Guiyu oneiros es una de las criaturas óseas más antiguas conocidas por la ciencia. Además, posiblemente sea uno de los primeros peces de aletas lobuladas (Sarcopterygii), la misma rama de la que, cientos de millones de años después, surgieron los anfibios y, posteriormente, todos los vertebrados terrestres, incluido el ser humano.
Los restos de Guiyu fueron encontrados en la provincia de Yunnan, en el sur de China, dentro de depósitos marinos de aproximadamente 425 millones de años de antigüedad. Se trata del Silúrico tardío, una época en la que la vida apenas comenzaba a dar sus primeros pasos en tierra firme. En aquel tiempo, los ecosistemas marinos rebosaban de diversidad: peces acorazados, antiguos artrópodos y los primeros arrecifes de coral formaban un mundo en el que Guiyu ocupaba su lugar como uno de los eslabones de la gran cadena evolutiva.
Imaginemos un pez de unos 30 centímetros de longitud, con un cuerpo hidrodinámico, escamas brillantes y poderosas aletas. Por su forma, Guiyu recordaba a las percas modernas, pero al mismo tiempo combinaba características tanto de los antiguos peces acorazados, los placodermos, como de los peces óseos modernos.
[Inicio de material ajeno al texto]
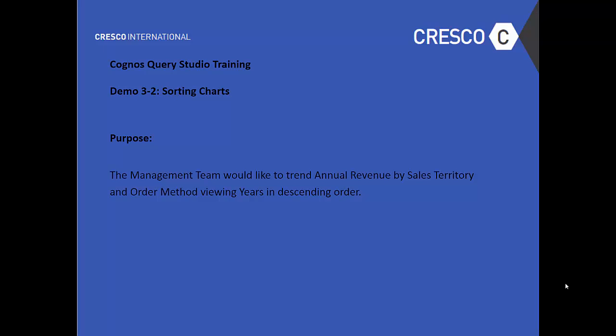Hello and welcome to Cognos Query Studio Training. This is Demo 3-2 Sorting Charts.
Su cintura pélvica no estaba formada únicamente por un esqueleto interno, como en los peces actuales, sino también por placas óseas externas, un vestigio de la antigua armadura. En las aletas se observaban grandes espinas que probablemente servían como protección frente a los depredadores.
El cráneo de Guiyu estaba cubierto de escudos óseos, mientras que su cuerpo estaba revestido de resistentes escamas con ganoína, un tejido brillante semejante al esmalte que todavía puede observarse en los esturiones y los lepisósteos. Detrás de la cabeza se encontraban tres grandes placas óseas, restos de una coraza pectoral que recordaban la estructura de los placodermos. Todas estas características convierten a Guiyu en un auténtico «rompecabezas viviente» para los paleontólogos, ya que combina rasgos de varias antiguas líneas de vertebrados.
El estudio de Guiyu ayuda a los científicos a comprender cómo se produjo la transición de los peces acorazados a los peces óseos: desde criaturas cubiertas por una pesada armadura hasta nadadores flexibles y rápidos, antepasados de todos los peces modernos. Estos descubrimientos arrojan luz sobre una de las etapas más importantes de la evolución: la aparición de los esqueletos óseos, que determinaron el éxito de una enorme cantidad de especies que habitaron la Tierra después del período Silúrico.
Guiyu no es simplemente un pez antiguo. Es una prueba de la temprana audacia evolutiva de la naturaleza, el primer paso en dirección a los organismos complejos a los que, millones de años más tarde, también perteneceríamos nosotros.